We Know the Meaning of Life . . . Now What?



In Douglas Adams' novel The Hitchhiker's Guide to the Galaxy, a computer is built specifically to answer the question, "What is the meaning of life?" The computer warns the people that it can, in fact, answer their question, but it's a calculation that will take seven million years. They insist that it's worth the wait. Seven million years later the computer provides the answer they've long awaited: it's 42.

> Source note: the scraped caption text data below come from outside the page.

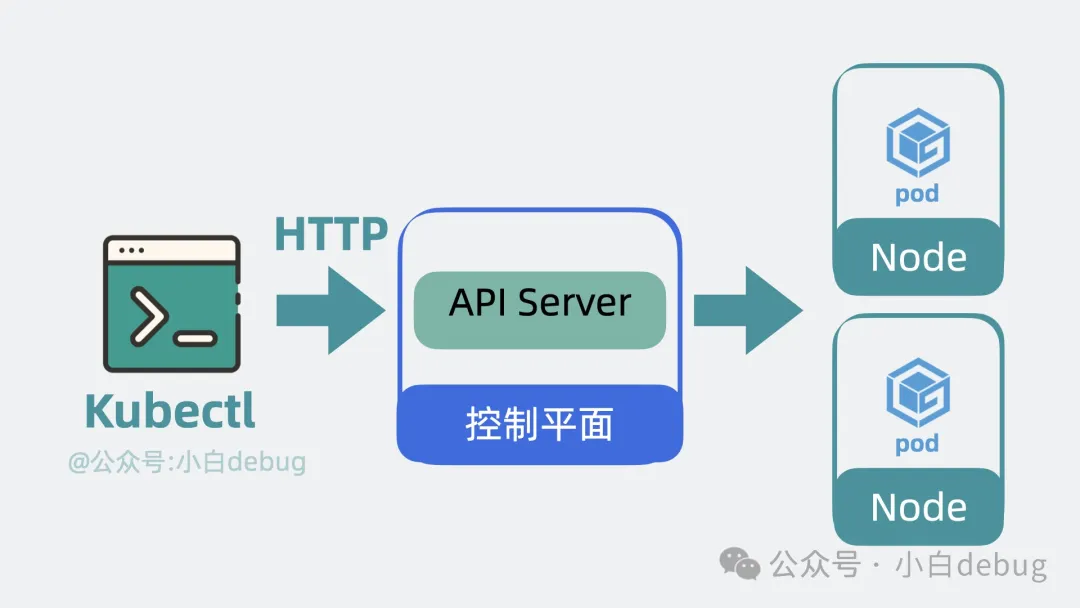kubernets-architechure-9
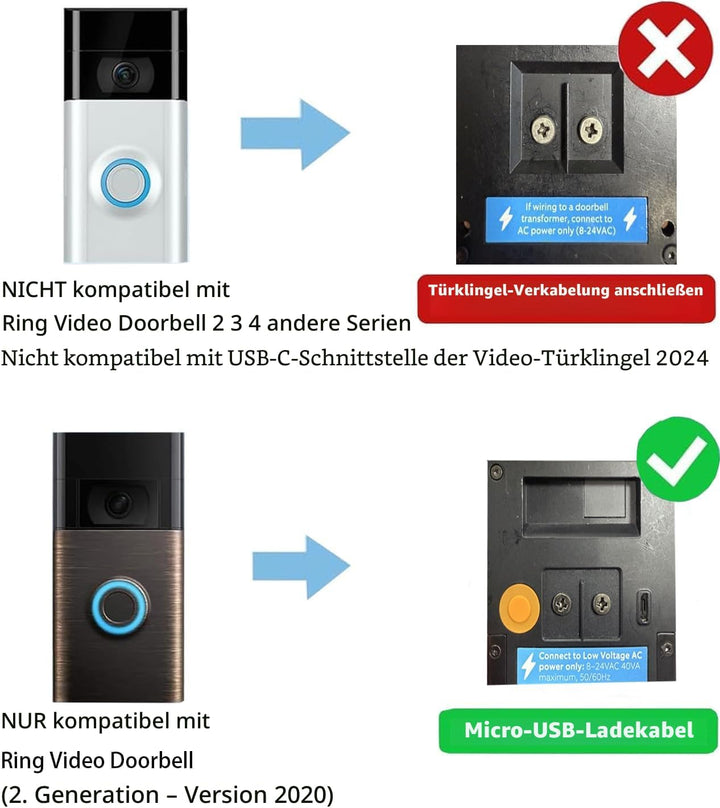 Solar-Ladegerät für Ring, Video-Türklingel (2. Generation – Version 2020) Schwarz, Schwarz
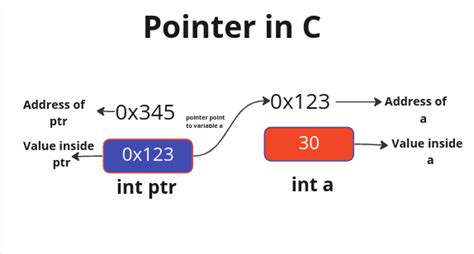 C Pointer Of Pointer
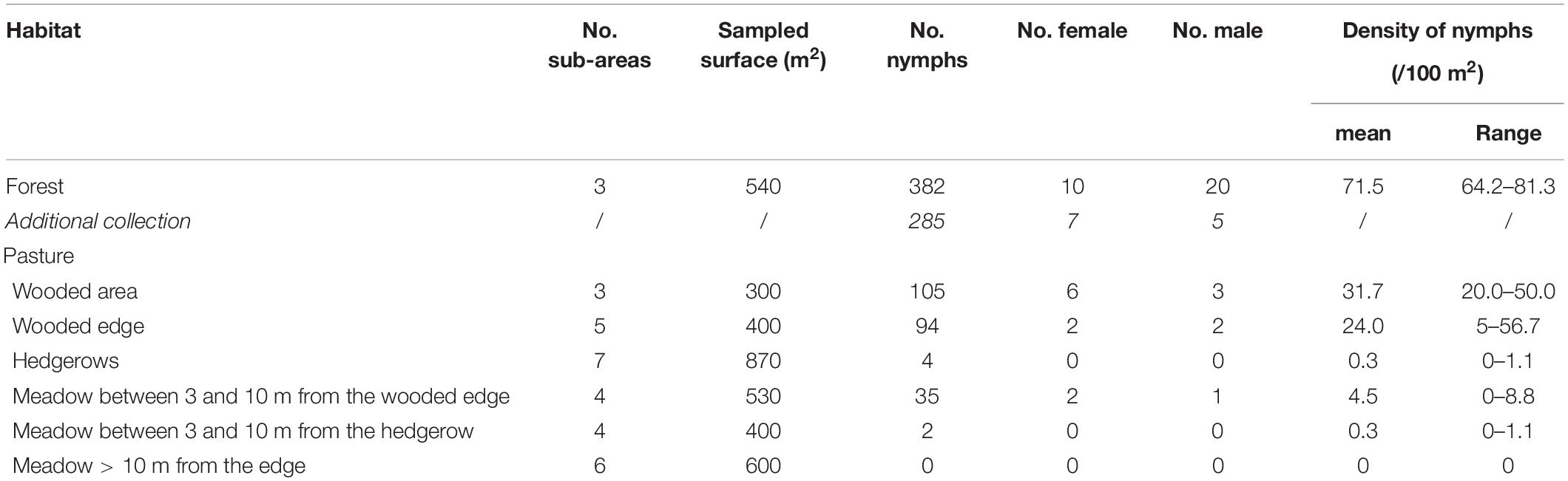 Frontiers  A One-Health Approach to Investigating an Outbreak of  Alimentary Tick-Borne Encephalitis in a Non-endemic Area in France (Ain,  Eastern France): A Longitudinal Serological Study in Livestock, Detection  in Ticks, and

It's a joke, of course, but 42 is actually the answer to many of our earthly questions, at least when we rely solely upon science to supply them. I don't want to give the impression that I'm a science-denier or anything, but despite its pretenses, when it comes to the most important questions, science often leaves us with answers that fall into the category of true, but not useful. For instance, I'm sure that science can tell us the bio-chemistry behind the feeling of falling in love, but everyone knows that if you really want to get to the core of what love is all about, you turn to the poets. So while 42 is, indeed, the correct answer to the question "What is the meaning of life?" it lacks the complexity necessary to satisfy us.

Most of the answers that our school curricula provide children are the residue left over once we've boiled away the complexity, which is why I so often call it trivia, the proper term for information that falls into the category of true, but not useful. We decide what children need to know, we tell them it's 42, then we wonder why they're not interested in school. So we've devised an arbitrary system of complexity to motivate them, relying on grades and tests and punishments and rewards, an ever more elaborate machinery designed to compel all the children to learn that the answer is 42.

And to a degree it works, at least to some extent. That's because complexity always works. It's complexity, not answers, that motivates humans. So yes, grades and whatnot provide at least a modicum of external motivation to replace the natural complexity that has been removed, even if it is a complete distraction from the actual subject matter.

Knowing that the answer is 42 reveals no complexity, it simply is, which means that there is nothing upon which to exercise our brains. But much of what we've come to consider being well-educated, especially in the early years, is based almost entirely on the ability to provide answers, usually in a rapid fire manner, like on a test or when a teacher calls out, "Who knows the answer?" and picks a raised hand. The "best" students are those who have memorized the "rules" that apply to this or that type of knowledge. But that's far from actual understanding, which requires complexity, because it's from thinking through complexity that we actually learn.

When children play, they are fully exploring the complexity of their world. Nothing is simple. They are not waiting for the computer to spit out an answer, but rather are doing the work of the computer, sorting through conflicts that arise between what they know and don't know, discovering new ways of seeing or expressing or understanding. They are asking and answering their own questions, which is to say that they don't need us to introduce complexity in order to engage them: they are already fully engaged because what they are doing is naturally complex. The important thing is not the answers as much as the process of thinking about the complexity. And it's the thinking that motivates us. It's the thinking that is the hallmark of a well-educated person, not the knowing.